_COLLECTED MATERIAL_
▬▬▬▬▬▬▬▬▬▬
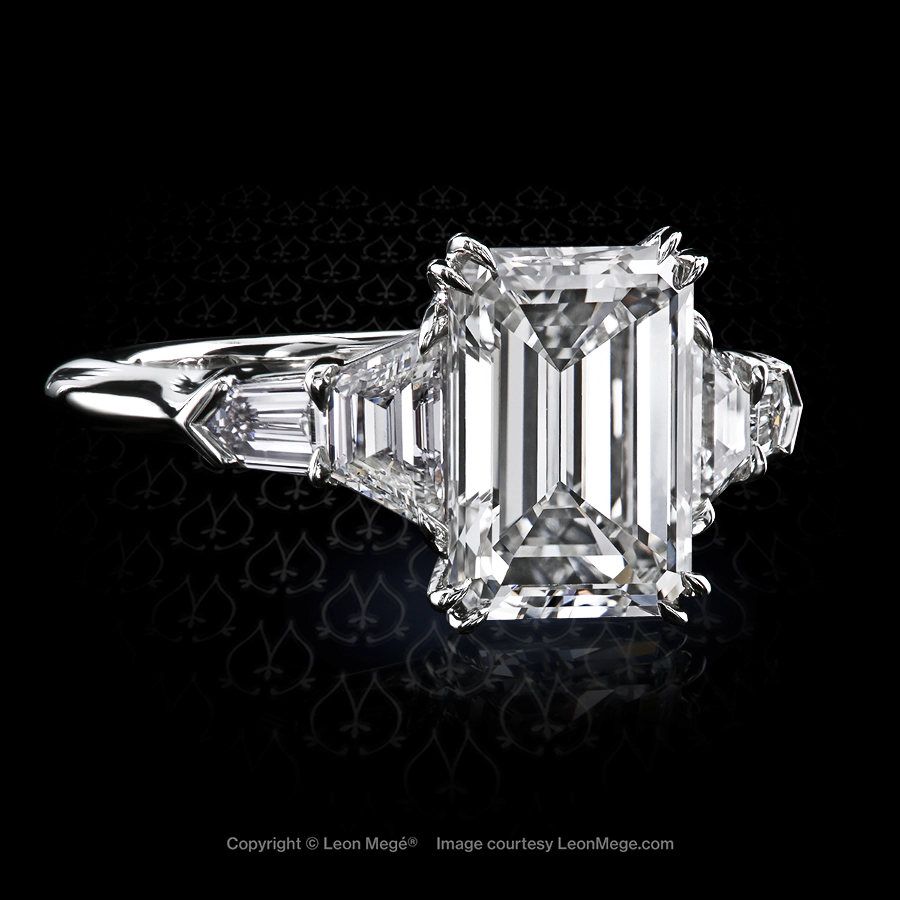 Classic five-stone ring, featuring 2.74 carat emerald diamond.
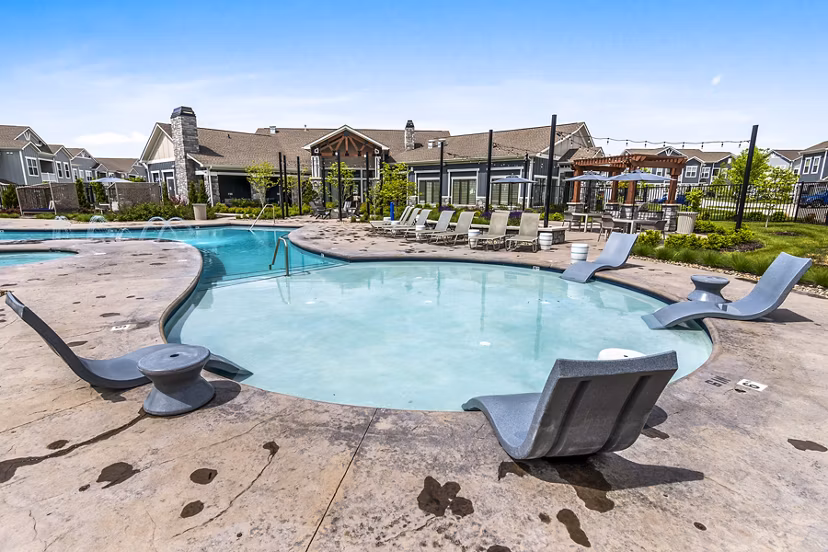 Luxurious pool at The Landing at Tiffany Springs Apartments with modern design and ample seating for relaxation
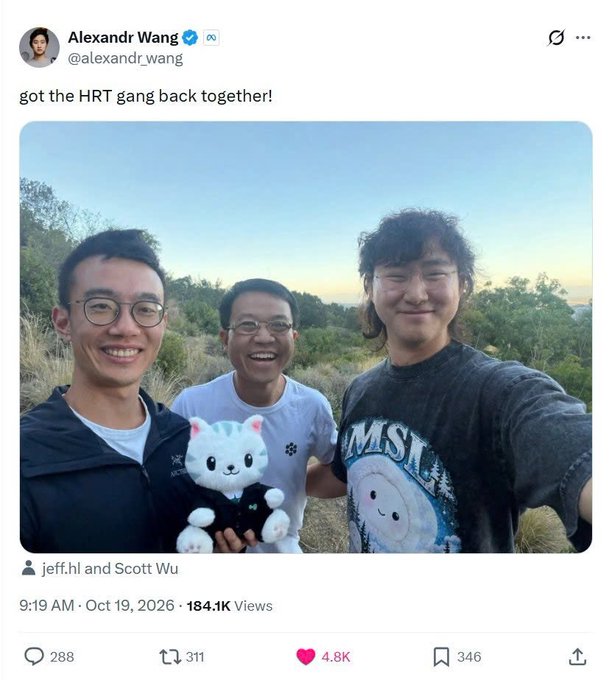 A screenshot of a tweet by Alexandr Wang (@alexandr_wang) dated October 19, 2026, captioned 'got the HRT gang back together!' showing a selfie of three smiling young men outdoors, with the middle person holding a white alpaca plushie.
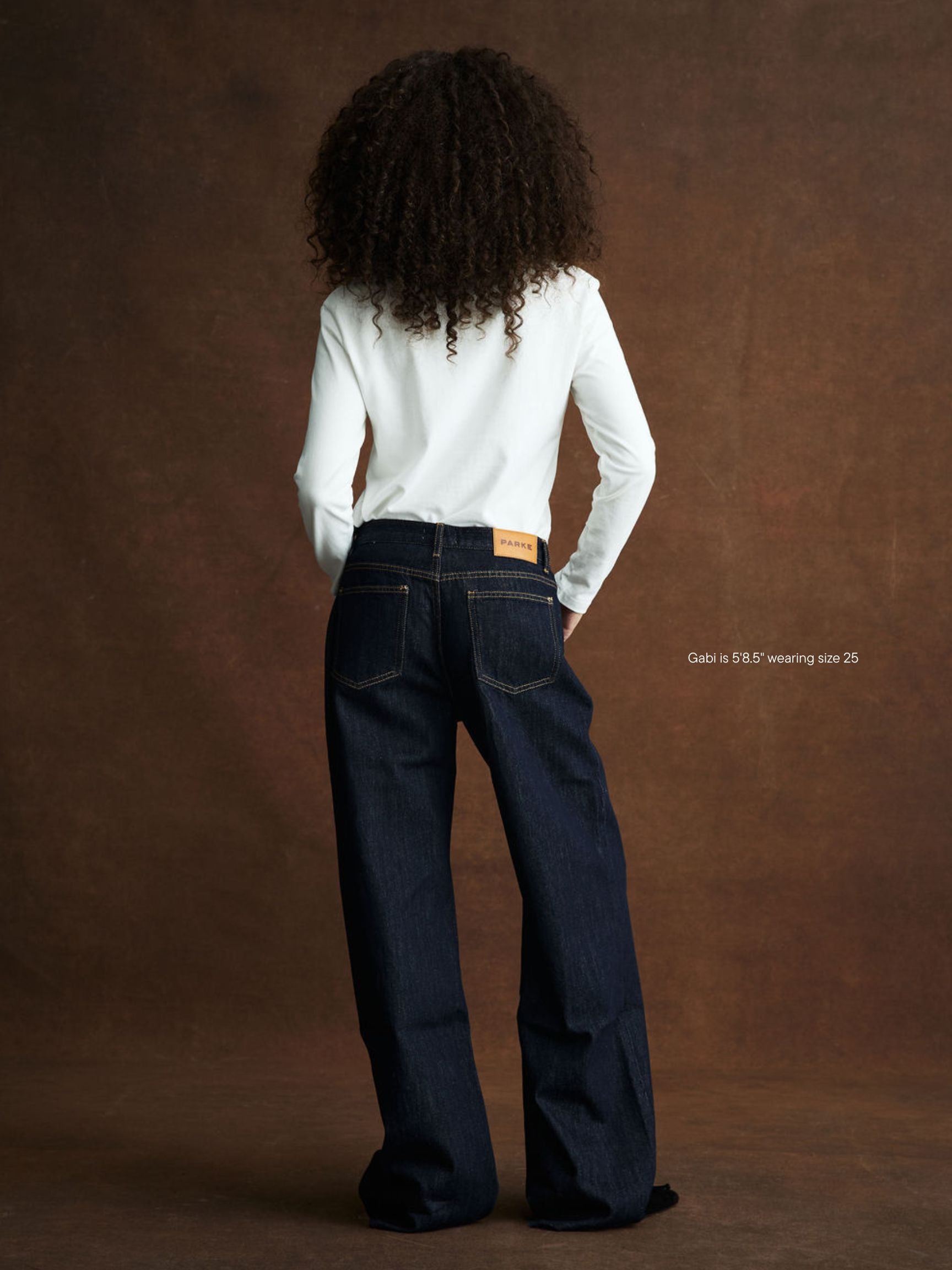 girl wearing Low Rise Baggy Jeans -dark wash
▬▬▬▬▬▬▬▬▬▬
_TASK DESCRIPTION_
All of the material above is to be retyped exactly, with no pictures included.

_ANSWER SPACE_
 Classic five-stone ring, featuring 2.74 carat emerald diamond.
 Luxurious pool at The Landing at Tiffany Springs Apartments with modern design and ample seating for relaxation
 A screenshot of a tweet by Alexandr Wang (@alexandr_wang) dated October 19, 2026, captioned 'got the HRT gang back together!' showing a selfie of three smiling young men outdoors, with the middle person holding a white alpaca plushie.
 girl wearing Low Rise Baggy Jeans -dark wash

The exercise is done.